▶ **TRY IT**
Look through the data below for the line with "So like I said, if", and transcribe it exactly together with each line after it up to and including the line with "Right-click the view". Give nothing else.

▶ **DATA IN THIS EXERCISE**
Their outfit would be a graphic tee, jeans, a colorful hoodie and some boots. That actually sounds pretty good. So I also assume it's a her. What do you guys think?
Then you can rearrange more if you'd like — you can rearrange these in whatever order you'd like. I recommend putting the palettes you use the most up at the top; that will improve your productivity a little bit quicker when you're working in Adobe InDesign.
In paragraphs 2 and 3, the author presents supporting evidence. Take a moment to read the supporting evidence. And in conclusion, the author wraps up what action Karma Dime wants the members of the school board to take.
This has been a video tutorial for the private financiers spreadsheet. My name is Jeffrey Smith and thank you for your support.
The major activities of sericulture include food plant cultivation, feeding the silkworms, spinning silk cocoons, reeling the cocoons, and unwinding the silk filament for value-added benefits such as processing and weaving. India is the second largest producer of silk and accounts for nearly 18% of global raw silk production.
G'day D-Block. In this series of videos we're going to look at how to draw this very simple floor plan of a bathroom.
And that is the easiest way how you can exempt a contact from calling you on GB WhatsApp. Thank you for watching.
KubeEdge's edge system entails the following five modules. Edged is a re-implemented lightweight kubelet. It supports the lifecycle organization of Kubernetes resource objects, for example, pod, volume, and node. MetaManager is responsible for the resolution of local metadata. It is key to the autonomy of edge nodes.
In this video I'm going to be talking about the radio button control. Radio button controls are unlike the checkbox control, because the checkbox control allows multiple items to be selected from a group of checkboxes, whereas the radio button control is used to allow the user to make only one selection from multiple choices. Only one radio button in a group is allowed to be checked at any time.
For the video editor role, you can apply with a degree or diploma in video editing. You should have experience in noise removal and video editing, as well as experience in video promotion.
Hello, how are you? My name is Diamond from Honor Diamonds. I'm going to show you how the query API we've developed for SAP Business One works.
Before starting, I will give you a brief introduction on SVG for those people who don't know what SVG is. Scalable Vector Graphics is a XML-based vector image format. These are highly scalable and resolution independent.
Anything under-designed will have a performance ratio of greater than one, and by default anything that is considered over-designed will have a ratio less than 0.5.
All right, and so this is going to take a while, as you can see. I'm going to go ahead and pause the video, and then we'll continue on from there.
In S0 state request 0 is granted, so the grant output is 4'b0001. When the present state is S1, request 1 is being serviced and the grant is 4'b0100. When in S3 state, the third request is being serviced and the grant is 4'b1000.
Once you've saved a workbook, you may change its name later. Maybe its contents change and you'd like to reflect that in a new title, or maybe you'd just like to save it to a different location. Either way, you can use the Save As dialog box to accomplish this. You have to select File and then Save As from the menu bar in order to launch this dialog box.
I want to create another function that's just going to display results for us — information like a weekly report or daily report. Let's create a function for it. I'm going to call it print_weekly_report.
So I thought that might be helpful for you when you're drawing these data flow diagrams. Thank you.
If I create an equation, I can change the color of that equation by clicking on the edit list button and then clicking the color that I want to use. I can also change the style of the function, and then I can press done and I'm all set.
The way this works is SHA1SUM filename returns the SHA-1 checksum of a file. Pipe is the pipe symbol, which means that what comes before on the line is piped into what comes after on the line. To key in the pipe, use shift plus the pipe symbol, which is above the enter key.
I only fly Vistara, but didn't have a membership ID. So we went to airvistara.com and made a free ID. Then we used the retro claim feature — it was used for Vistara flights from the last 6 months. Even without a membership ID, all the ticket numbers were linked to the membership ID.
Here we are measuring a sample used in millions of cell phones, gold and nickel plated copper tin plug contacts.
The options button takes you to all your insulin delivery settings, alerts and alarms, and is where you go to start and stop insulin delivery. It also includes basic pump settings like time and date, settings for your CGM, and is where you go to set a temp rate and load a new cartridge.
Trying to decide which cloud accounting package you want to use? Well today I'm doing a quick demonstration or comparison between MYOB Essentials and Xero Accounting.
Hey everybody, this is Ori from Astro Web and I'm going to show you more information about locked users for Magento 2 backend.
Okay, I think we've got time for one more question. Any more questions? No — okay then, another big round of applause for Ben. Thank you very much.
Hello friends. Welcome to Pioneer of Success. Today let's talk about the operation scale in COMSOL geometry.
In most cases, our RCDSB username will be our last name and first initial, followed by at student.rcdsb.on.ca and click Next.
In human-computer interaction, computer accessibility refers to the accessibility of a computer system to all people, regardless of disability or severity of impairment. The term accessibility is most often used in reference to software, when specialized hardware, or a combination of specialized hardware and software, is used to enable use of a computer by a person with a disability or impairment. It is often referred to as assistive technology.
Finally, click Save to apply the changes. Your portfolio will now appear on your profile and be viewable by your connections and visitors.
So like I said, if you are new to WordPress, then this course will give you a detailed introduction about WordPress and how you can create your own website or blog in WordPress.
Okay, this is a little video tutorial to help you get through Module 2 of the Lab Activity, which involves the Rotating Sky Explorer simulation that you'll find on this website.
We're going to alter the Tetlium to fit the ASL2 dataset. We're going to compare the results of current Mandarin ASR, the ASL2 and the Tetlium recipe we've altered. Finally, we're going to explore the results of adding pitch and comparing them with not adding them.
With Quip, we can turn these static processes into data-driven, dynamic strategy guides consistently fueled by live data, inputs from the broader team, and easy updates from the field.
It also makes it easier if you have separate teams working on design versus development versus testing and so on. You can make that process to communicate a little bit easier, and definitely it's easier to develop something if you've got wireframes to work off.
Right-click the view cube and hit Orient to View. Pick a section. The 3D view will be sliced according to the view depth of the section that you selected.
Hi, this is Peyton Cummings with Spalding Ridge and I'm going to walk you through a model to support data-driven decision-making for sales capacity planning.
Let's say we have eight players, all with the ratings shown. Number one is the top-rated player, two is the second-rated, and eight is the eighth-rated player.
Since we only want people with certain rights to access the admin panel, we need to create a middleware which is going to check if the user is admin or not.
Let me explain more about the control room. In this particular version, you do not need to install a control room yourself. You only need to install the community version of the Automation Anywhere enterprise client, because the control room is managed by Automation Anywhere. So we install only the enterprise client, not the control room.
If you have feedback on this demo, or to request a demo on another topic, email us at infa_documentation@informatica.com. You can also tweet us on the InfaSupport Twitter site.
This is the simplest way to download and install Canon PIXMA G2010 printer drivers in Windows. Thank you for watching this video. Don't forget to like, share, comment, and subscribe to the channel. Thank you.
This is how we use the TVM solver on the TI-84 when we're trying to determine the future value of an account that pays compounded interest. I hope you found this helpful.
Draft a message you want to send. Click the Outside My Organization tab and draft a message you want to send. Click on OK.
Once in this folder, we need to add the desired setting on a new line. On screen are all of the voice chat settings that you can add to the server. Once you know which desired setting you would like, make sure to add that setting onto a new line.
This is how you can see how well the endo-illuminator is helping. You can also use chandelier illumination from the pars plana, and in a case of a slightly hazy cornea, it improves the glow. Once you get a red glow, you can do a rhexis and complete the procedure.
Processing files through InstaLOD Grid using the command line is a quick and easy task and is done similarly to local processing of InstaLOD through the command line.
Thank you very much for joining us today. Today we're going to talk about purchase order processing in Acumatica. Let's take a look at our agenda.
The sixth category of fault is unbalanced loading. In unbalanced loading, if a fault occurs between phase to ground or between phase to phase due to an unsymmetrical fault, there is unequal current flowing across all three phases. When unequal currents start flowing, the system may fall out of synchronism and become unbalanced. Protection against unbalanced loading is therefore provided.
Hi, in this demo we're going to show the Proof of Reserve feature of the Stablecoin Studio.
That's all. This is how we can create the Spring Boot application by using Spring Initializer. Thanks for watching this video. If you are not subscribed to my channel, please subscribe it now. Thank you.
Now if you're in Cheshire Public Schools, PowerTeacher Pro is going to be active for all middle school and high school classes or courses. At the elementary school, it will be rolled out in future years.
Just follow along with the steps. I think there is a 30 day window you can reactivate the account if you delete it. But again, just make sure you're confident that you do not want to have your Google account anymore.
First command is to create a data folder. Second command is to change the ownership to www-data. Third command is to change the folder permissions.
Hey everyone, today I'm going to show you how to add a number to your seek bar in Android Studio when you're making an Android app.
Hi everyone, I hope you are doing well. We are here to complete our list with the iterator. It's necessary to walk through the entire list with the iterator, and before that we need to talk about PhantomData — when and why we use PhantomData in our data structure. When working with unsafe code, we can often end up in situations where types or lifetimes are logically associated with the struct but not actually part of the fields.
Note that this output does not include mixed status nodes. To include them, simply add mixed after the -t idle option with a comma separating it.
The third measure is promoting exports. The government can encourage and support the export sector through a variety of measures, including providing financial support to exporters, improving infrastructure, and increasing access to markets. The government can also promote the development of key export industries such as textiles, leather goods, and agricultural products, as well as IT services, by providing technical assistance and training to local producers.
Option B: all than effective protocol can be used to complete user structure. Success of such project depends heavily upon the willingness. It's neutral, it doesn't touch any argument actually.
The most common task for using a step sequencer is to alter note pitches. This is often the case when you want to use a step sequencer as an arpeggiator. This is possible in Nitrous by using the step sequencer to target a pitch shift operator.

▶ **TASK SOLUTION**
So like I said, if you are new to WordPress, then this course will give you a detailed introduction about WordPress and how you can create your own website or blog in WordPress.
Okay, this is a little video tutorial to help you get through Module 2 of the Lab Activity, which involves the Rotating Sky Explorer simulation that you'll find on this website.
We're going to alter the Tetlium to fit the ASL2 dataset. We're going to compare the results of current Mandarin ASR, the ASL2 and the Tetlium recipe we've altered. Finally, we're going to explore the results of adding pitch and comparing them with not adding them.
With Quip, we can turn these static processes into data-driven, dynamic strategy guides consistently fueled by live data, inputs from the broader team, and easy updates from the field.
It also makes it easier if you have separate teams working on design versus development versus testing and so on. You can make that process to communicate a little bit easier, and definitely it's easier to develop something if you've got wireframes to work off.
Right-click the view cube and hit Orient to View. Pick a section. The 3D view will be sliced according to the view depth of the section that you selected.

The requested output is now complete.